Liebe Jungfrauen, aus wissenschaftlicher Sicht seid ihr sohin ein Quell der Verführung für alle Feinde einer offenen Gesellschaft. Zur Rettung derselben vor bestehenden ebenso wie neuen autoritären Strukturen erscheint aus Sicht des seriösen Privatgelehrten die Notwendigkeit, diese eure Eigenschaft ehestmöglich zu verlieren, hiermit erwiesen – womit Teil zwei dieser wissenschaftlichen Arbeit in überzeugender Art und Weise abgeschlossen ist.

 

 

Der noch fehlende dritte Teil der praktischen Umsetzung – wie frau sich am besten ihrer Jungfräulichkeit entledigt – sprengt freilich das Fachgebiet der theoretischen Jungfrauenforschung und würde einer Veröffentlichung dieses Beitrages wohl entgegenstehen.

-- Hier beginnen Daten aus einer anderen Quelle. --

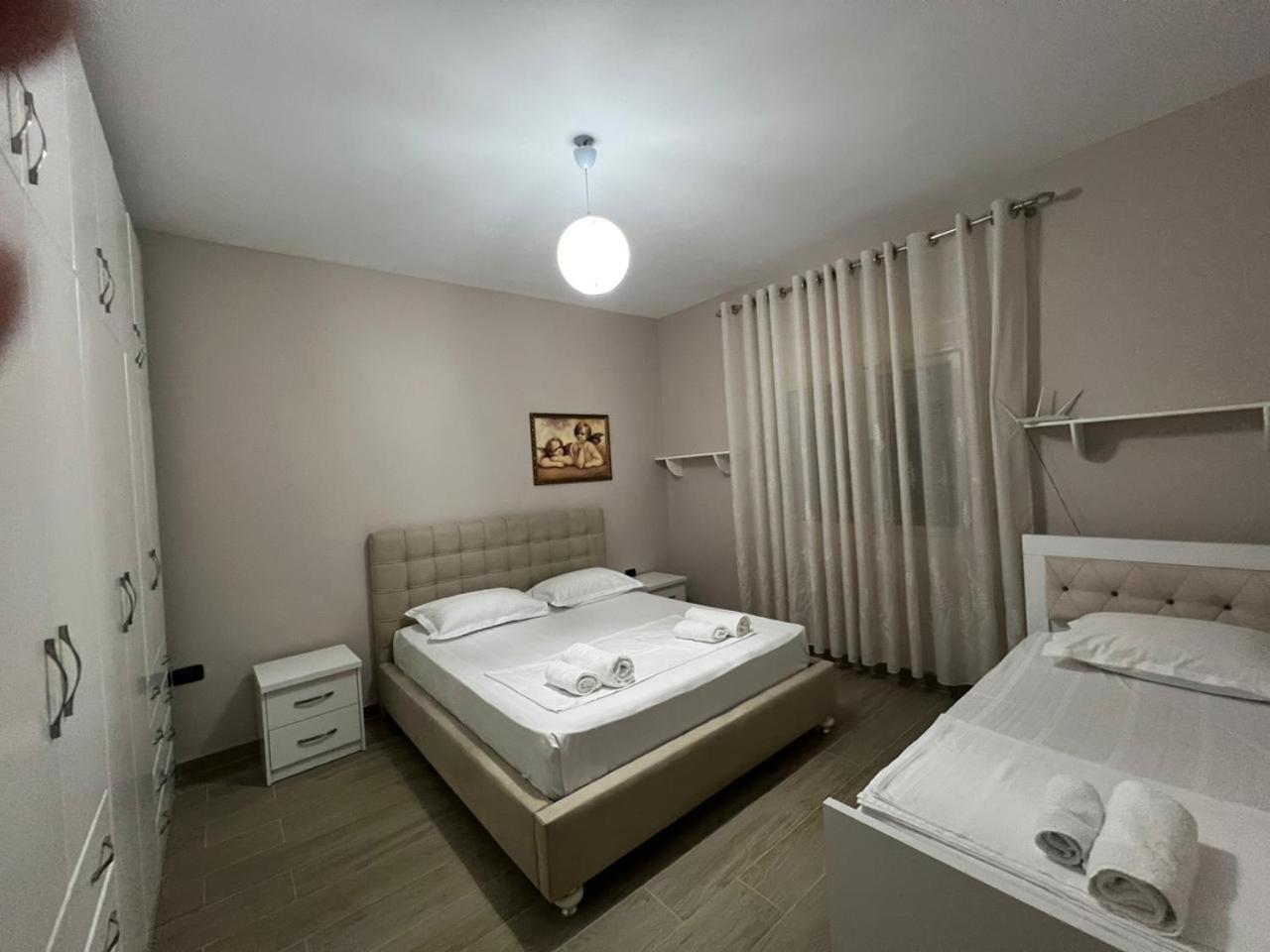 Large Apartment Vlorë Екстериор снимка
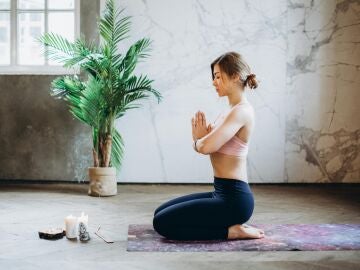 Mujer relajándose y conectando consigo misma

Publikum und Jury seien hiezu auf die Fülle von Publikationen der Kollegen aus der praktischen Forschung (teilweise in reich bebilderten Ausgaben erhältlich) verwiesen, nicht ohne Hinweis darauf, dass die führenden Arbeiten des Giacomo Casanova als auch des Marquis de Sade zu diesem Thema nach der jüngeren wissenschaftlichen Lehre und den vorstehend gelieferten Ergebnissen als nicht mehr völlig unumstritten anzusehen sind.